Você está aqui! No pálido ponto azul. E estamos lá, em Marte.

A Curiosity pousar em Marte eleva a moral não só dos americanos, mas a de todos nós terráqueos. É como receber as notícias das primeiras viagens para a América e dos encontros com os índios em ~1500, só que, infelizmente, sem os índios.

Separei 3 fotos que mostram o planeta Terra. Repare o tamanho do nosso importante planeta, de 40 mil km de circunferência no equador.

Esta primeira é de autoria da rover Spirit (aquela enviada em 2004, junto com a sua gêmea, a Opportuniy). Tirada em próprio solo marciano. Olha você aí!

Cuidado que há imagens fake, geradas pelos programas de posicionamento das estrelas.
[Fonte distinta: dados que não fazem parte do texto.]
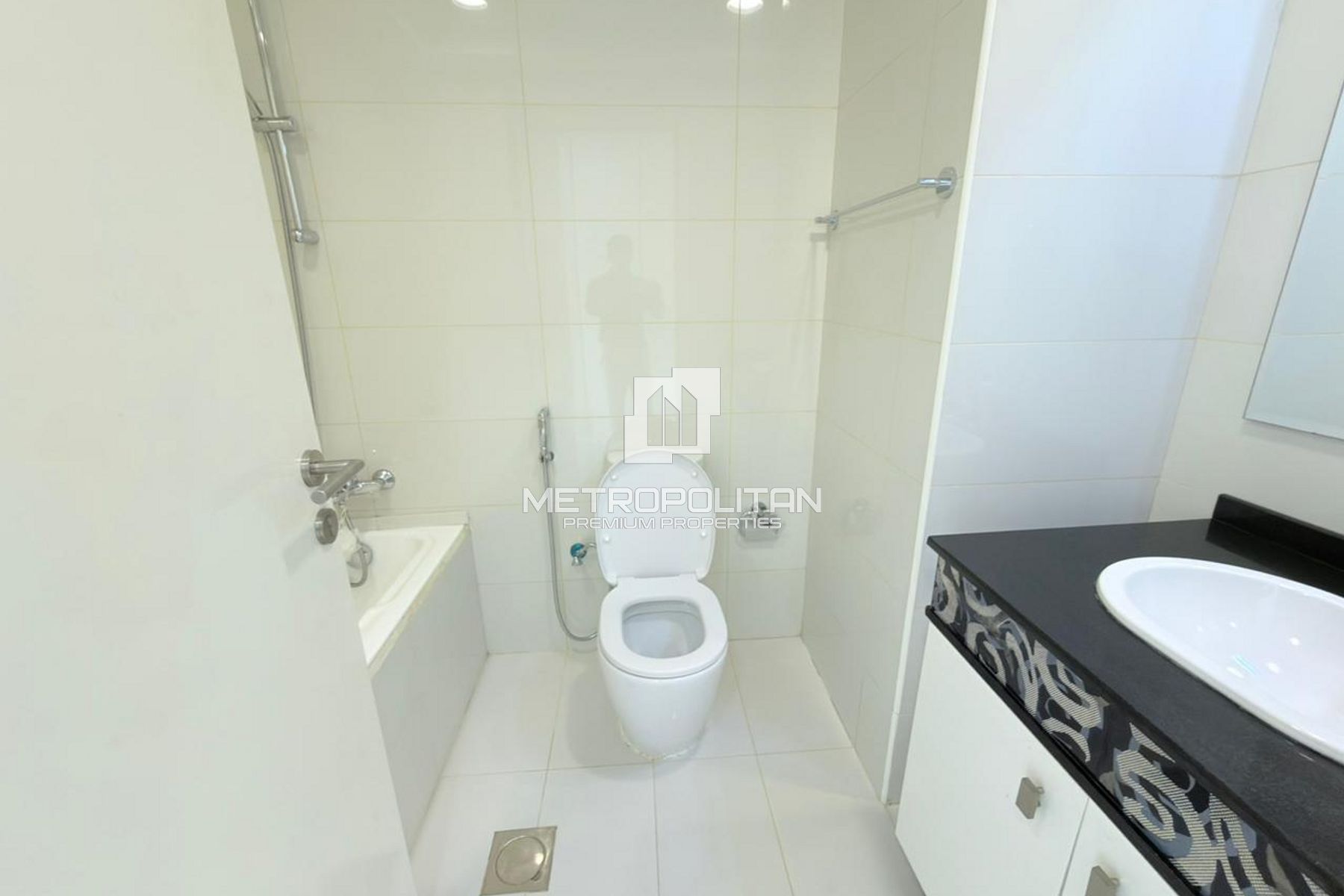 Vacant Now | Best Price | Equipped Kitchen photo-3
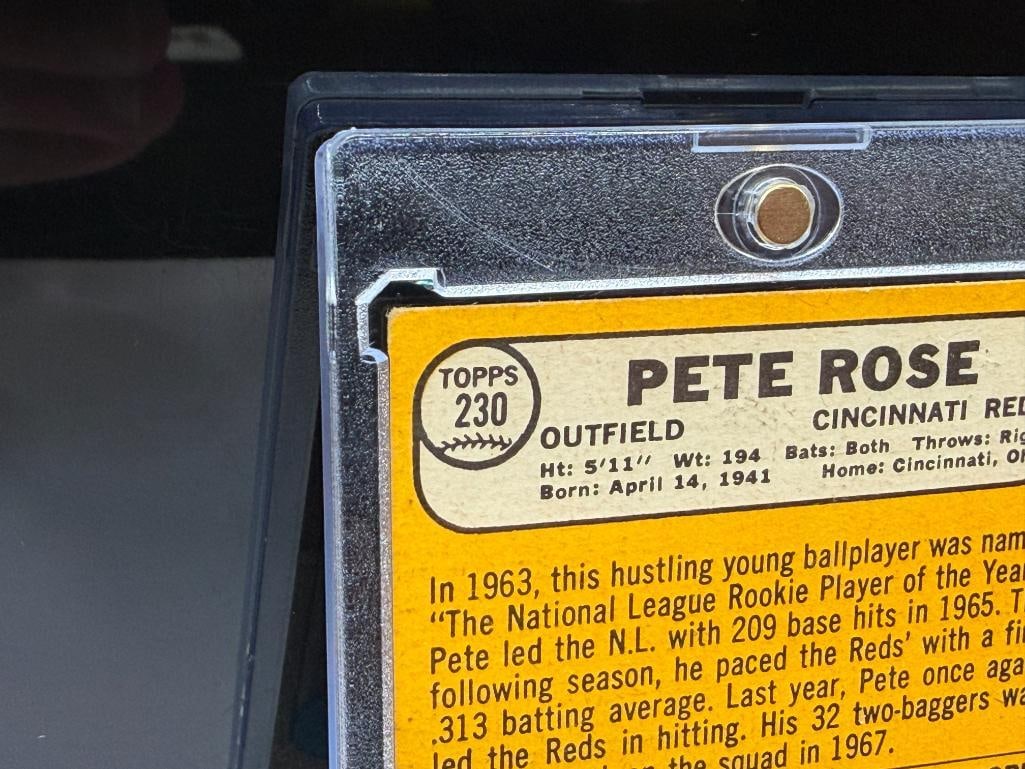 1968 TOPPS #230 PETE ROSE BASEBALL CARD - 9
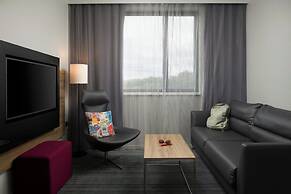 MOXY London Heathrow Airport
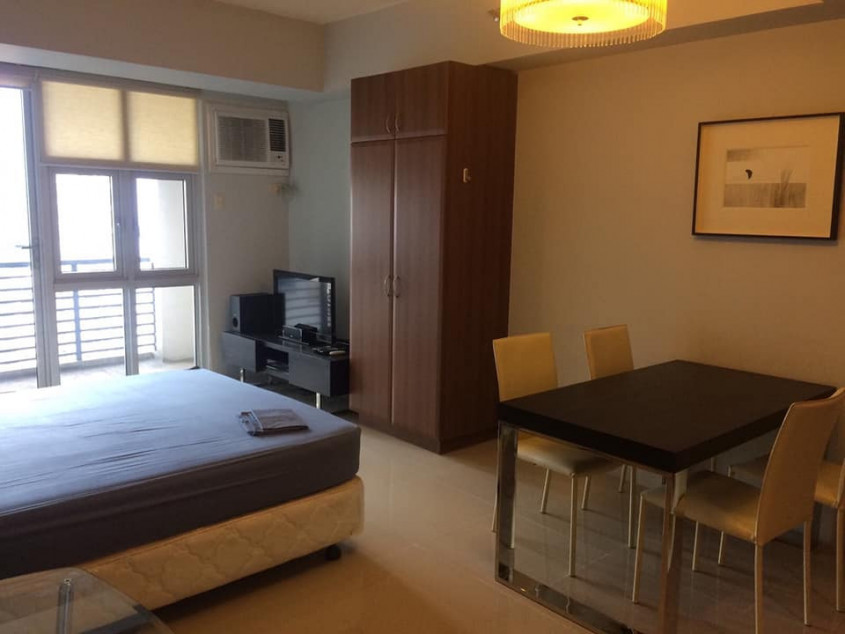 Studio Type Condo Unit For Rent In 1016 Residences Cebu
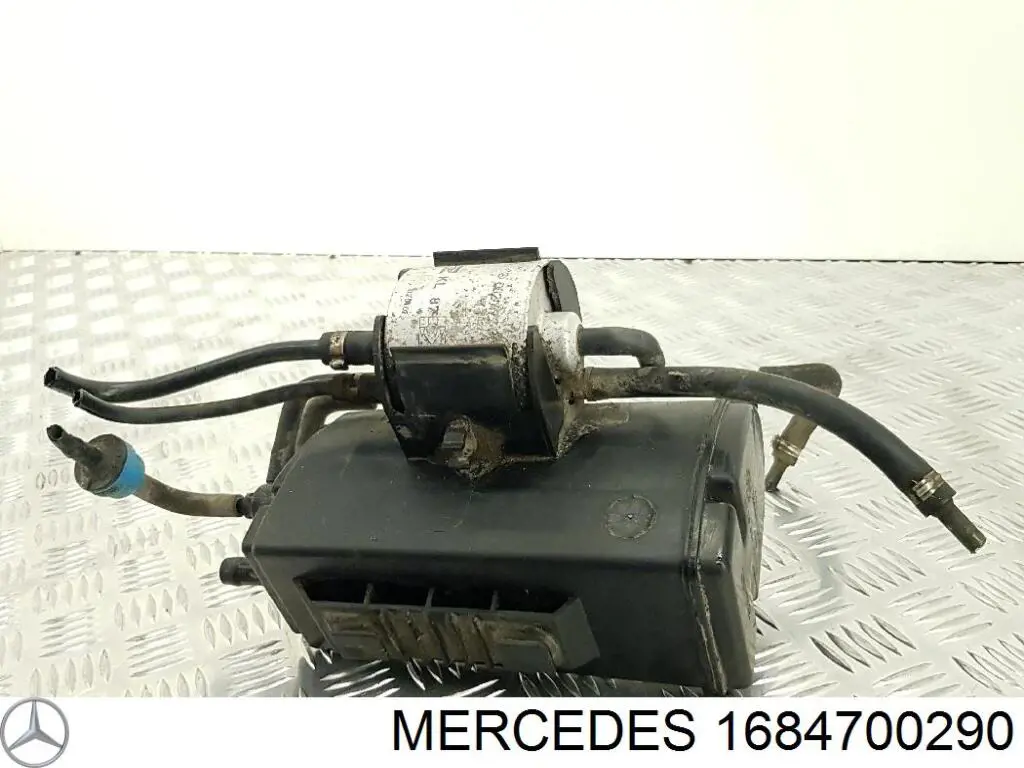 POCHŁANIACZ PAR PALIWA do Mercedes A  W168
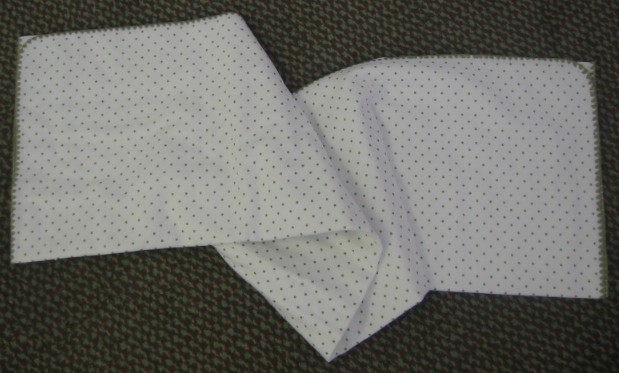 A BLANKET, WOVEN, SQUARE IN SHAPE, MEASURING APPROX. 107CM X 107CM, OF 100% COTTON FLANNEL, WITH DECORATIVE STITCHING AT ALL EDGES, SUITABLE FOR USE FOR BABIES.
Nesta foto você pode ver a Terra. Mas esse ponto não é a Terra, é Júpiter! Clique nela para poder procurar a nossa casa, vista pela sonda Mars Global Surveyor.

Nesta última foto podemos ver um ponto muito pequeno. É a terra, vista de fora do sistema solar, pela Voyager 1 em 1990, a 6 bilhões de kilometros daqui. A imagem foi batizada de pálido ponto azul por motivos óbvios.

Por que estou animado? Pois neste instante temos um rover que pesa duas toneladas, com um laboratório científico, armado com um laser para destruir rochas, em Marte. Somos nós os alienígenas com lasers desintegradores. Aposto, creio e quero que a Curiosity encontre sinais de (condições de) vida no passado marciano.

Para terminar, fique com alguns dos parágrafos inciais do livro Pálido Ponto Azul, de Carl Sagan, com legendas em português. Um livro que deve ser lido para você pensar melhor o lugar que ocupa no mundo.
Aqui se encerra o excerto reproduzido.